ROOT logo
ROOT » MATH » PHYSICS » TRobustEstimator

class TRobustEstimator: public TObject


  TRobustEstimator

 Minimum Covariance Determinant Estimator - a Fast Algorithm
 invented by Peter J.Rousseeuw and Katrien Van Dreissen
 "A Fast Algorithm for the Minimum covariance Determinant Estimator"
 Technometrics, August 1999, Vol.41, NO.3

 What are robust estimators?
 "An important property of an estimator is its robustness. An estimator
 is called robust if it is insensitive to measurements that deviate
 from the expected behaviour. There are 2 ways to treat such deviating
 measurements: one may either try to recongize them and then remove
 them from the data sample; or one may leave them in the sample, taking
 care that they do not influence the estimate unduly. In both cases robust
 estimators are needed...Robust procedures compensate for systematic errors
 as much as possible, and indicate any situation in which a danger of not being
 able to operate reliably is detected."
 R.Fruhwirth, M.Regler, R.K.Bock, H.Grote, D.Notz
 "Data Analysis Techniques for High-Energy Physics", 2nd edition

 What does this algorithm do?
 It computes a highly robust estimator of multivariate location and scatter.
 Then, it takes those estimates to compute robust distances of all the
 data vectors. Those with large robust distances are considered outliers.
 Robust distances can then be plotted for better visualization of the data.

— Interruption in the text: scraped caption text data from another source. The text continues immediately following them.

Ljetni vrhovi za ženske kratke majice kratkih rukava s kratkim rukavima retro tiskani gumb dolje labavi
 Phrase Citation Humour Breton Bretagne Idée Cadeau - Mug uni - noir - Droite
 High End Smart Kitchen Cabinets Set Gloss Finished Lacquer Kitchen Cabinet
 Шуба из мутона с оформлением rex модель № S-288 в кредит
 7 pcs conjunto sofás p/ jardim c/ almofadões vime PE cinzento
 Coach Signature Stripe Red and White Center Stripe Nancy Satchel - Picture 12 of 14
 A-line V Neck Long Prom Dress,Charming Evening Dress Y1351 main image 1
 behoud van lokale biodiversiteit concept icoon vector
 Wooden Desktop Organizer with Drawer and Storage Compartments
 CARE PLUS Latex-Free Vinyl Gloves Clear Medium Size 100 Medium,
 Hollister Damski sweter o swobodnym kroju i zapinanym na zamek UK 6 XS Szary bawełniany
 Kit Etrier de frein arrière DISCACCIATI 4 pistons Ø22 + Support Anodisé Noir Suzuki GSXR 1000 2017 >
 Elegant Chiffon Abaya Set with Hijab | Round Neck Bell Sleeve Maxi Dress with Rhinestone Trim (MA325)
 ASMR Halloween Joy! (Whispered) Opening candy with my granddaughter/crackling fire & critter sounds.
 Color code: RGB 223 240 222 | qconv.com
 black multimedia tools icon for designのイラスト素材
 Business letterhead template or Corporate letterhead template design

 How does this algorithm do it?
 The MCD objective is to find h observations(out of n) whose classical
 covariance matrix has the lowest determinant. The MCD estimator of location
 is then the average of those h points and the MCD estimate of scatter
 is their covariance matrix. The minimum(and default) h = (n+nvariables+1)/2
 so the algorithm is effective when less than (n+nvar+1)/2 variables are outliers.
 The algorithm also allows for exact fit situations - that is, when h or more
 observations lie on a hyperplane. Then the algorithm still yields the MCD location T
 and scatter matrix S, the latter being singular as it should be. From (T,S) the
 program then computes the equation of the hyperplane.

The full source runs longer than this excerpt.